Milli takımı hasta etti birileri.
* * *
Terim diyor ki, iltihabı Arda vakası olan bu yıkıcı hastalığı bulaştıranlar, koltuklarda gözleri olan, Ay-Yıldız’dan çıkar uman, futbolun içinde yapılanmanın dışındaki insanlardır. Amaçları ele geçirmek istedikleri mevzileri istila etmeden önce ağır toplarla zayıflatmaktır.
Arda (bilerek veya bilmeyerek) içerdeki cephaneliği havaya uçurmuştur.
Ay-Yıldız ateş altındadır.
Mantıklı...
Aksi halde, Arda’nın bir sene önce yaşanan sürtüşmeleri kafasında kurup intikamını günahsız bir gazeteciden alacak kadar içten pazarlıklı olduğuna inanmamız gerekir ki, mümkün değil.
* * *
İkinci ve belki de daha önemli ipucu, Arda tekil değil!..
Milli takımdan ayrıldığı anda eyleme katılmak için hazırda bekleyen ve güçlükle engellediği “komite” arkadaşları olduğunu kendisi söyledi.
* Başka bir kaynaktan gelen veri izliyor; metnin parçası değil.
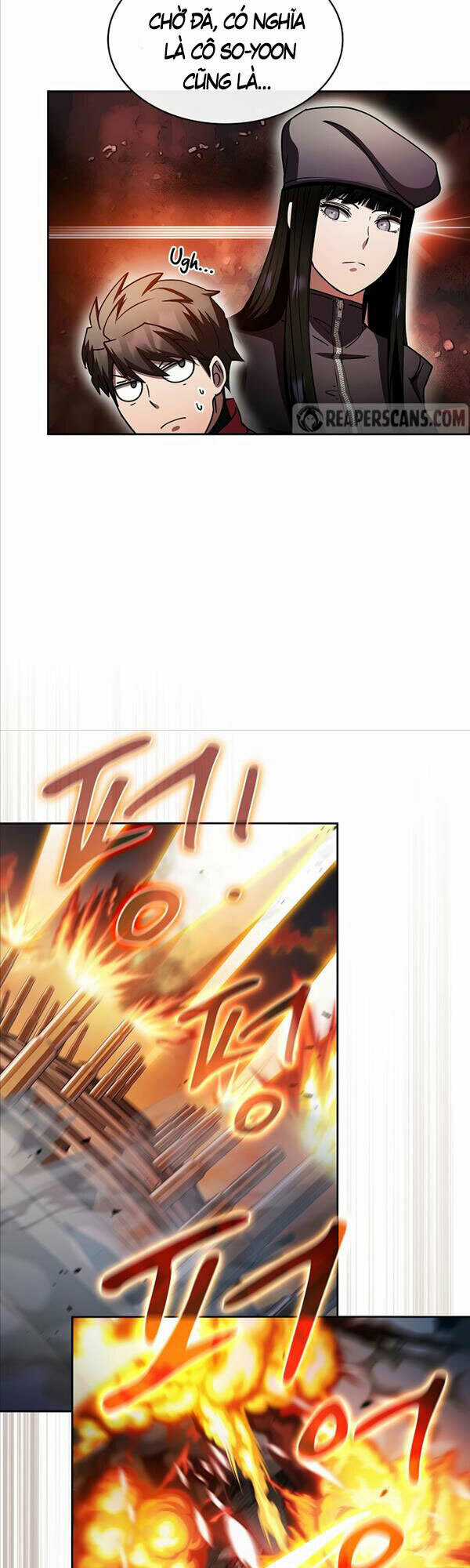 Thợ Săn Kỳ Ảo - Chapter 44 - Trang 17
Muhtemelen Caner, Gökhan, Selçuk, Burak, Vs...
Önemli çünkü, meseleyi “gençlik hatasından” çıkarıp organize hale getiriyor. Bitmiyor... Beynimiz fazla mesai yapıyor...
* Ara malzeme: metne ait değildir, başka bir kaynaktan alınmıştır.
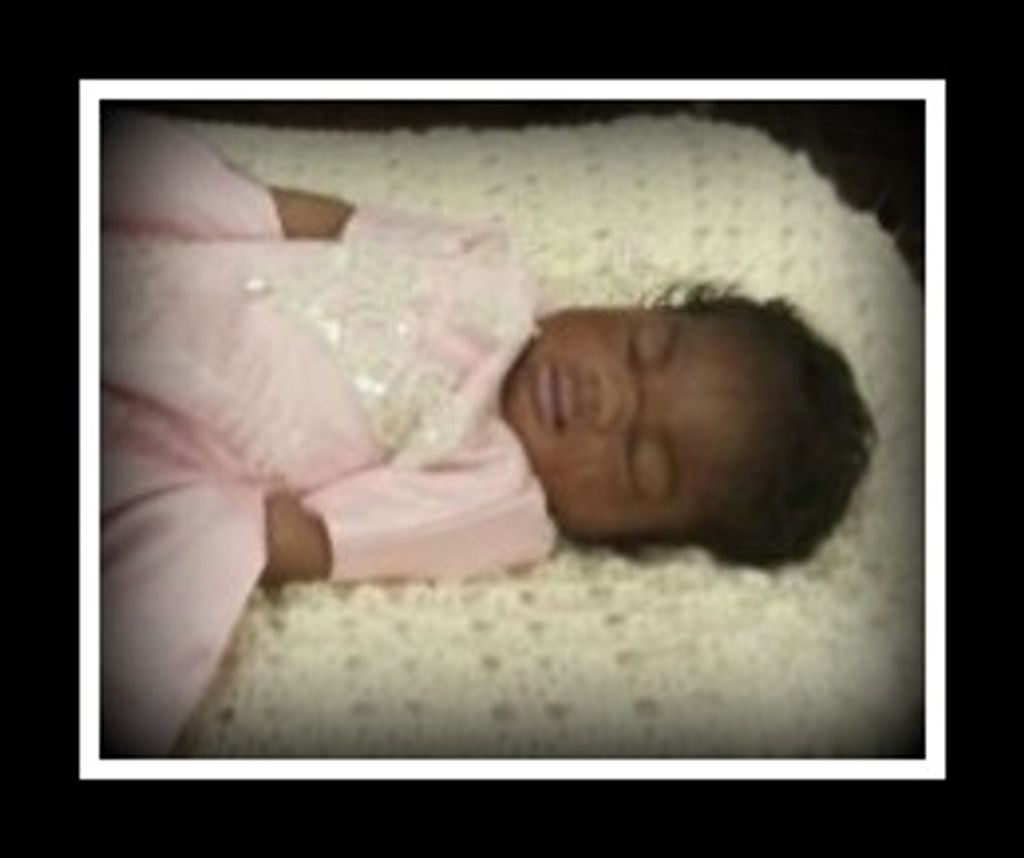 Ja'Ziyah Promyse Renee Battle-Dice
Futbolcular arası dayanışma (!) bu kadar geniş ve dışardan destek olmayacak!..
Milli Takımın içinde bir “derin milli takım” varsa, bu kalkışma sonrası hocası, federasyon başkanı, örgütü de hazır olmalı.
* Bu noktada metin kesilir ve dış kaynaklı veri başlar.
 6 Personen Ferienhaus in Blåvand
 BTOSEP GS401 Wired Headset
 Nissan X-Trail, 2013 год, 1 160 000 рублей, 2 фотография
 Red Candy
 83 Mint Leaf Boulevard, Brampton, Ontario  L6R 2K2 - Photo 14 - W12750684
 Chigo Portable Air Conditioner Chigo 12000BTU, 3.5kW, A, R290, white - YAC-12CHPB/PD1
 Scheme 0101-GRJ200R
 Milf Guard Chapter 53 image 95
“Hani Ay-Yıldız her şeyin üzerindeydi” diye sormayacağım... Onların kutsalı ayrı bir milli takım yapılanması besbelli.
* * *
Dışardaki mikserlere gelince...
Günahları boyunlarına... Olup olmadıklarını anlamamız için Terim’in sözüne karşı Arda’nın sözü:
“Beni kimse yönlendirmedi”!
Arda “kullanılan” adamlardan en kıymetlisinin “kullanıldığını bilmeyenler” olduğunu bilemeyecek kadar saf, temiz, iyi niyetli olabilir...
Zaten, bu tip faaliyetlerde kullanıldığını anlamak için beş on sene gerekir.
Ama olayın muhatabı Fatih Terim tecrübesi, davranışlar bütününden bir sonuç çıkarıyor ve Arda’yı da bir anlamda mazur görerek üst akıl tezgahından bahsediyorsa, ben arkadaşının primini arttırmak için milli takıma nifak sokan, babası yaşında gazeteciye sokak çocuğu gibi saldıran bir genç adamdan çok feleğin çemberinden bin kere geçmiş yaşını başını almış Fatih Terim ve tecrübesine inanmak zorundayım.
* * *
Durum buysa, yapılması gereken nedir?
O “Ardacığım ben de seninle birlikte milli takımdan ayrılacağım” diyenler var ya...
Hiç durmasınlar.
Hemen gitsin hepsi.
Terim, genç ve “önce Ay-Yıldız” diyen futbolcularla yürüsün.
Başaramazsa o da bırakır.
Ama milli takımdan önce kendilerini ve ittifaklarını düşünenleri temizlemiş bir hoca olarak, çok kıymetli bir görevi yerine getirip bırakır.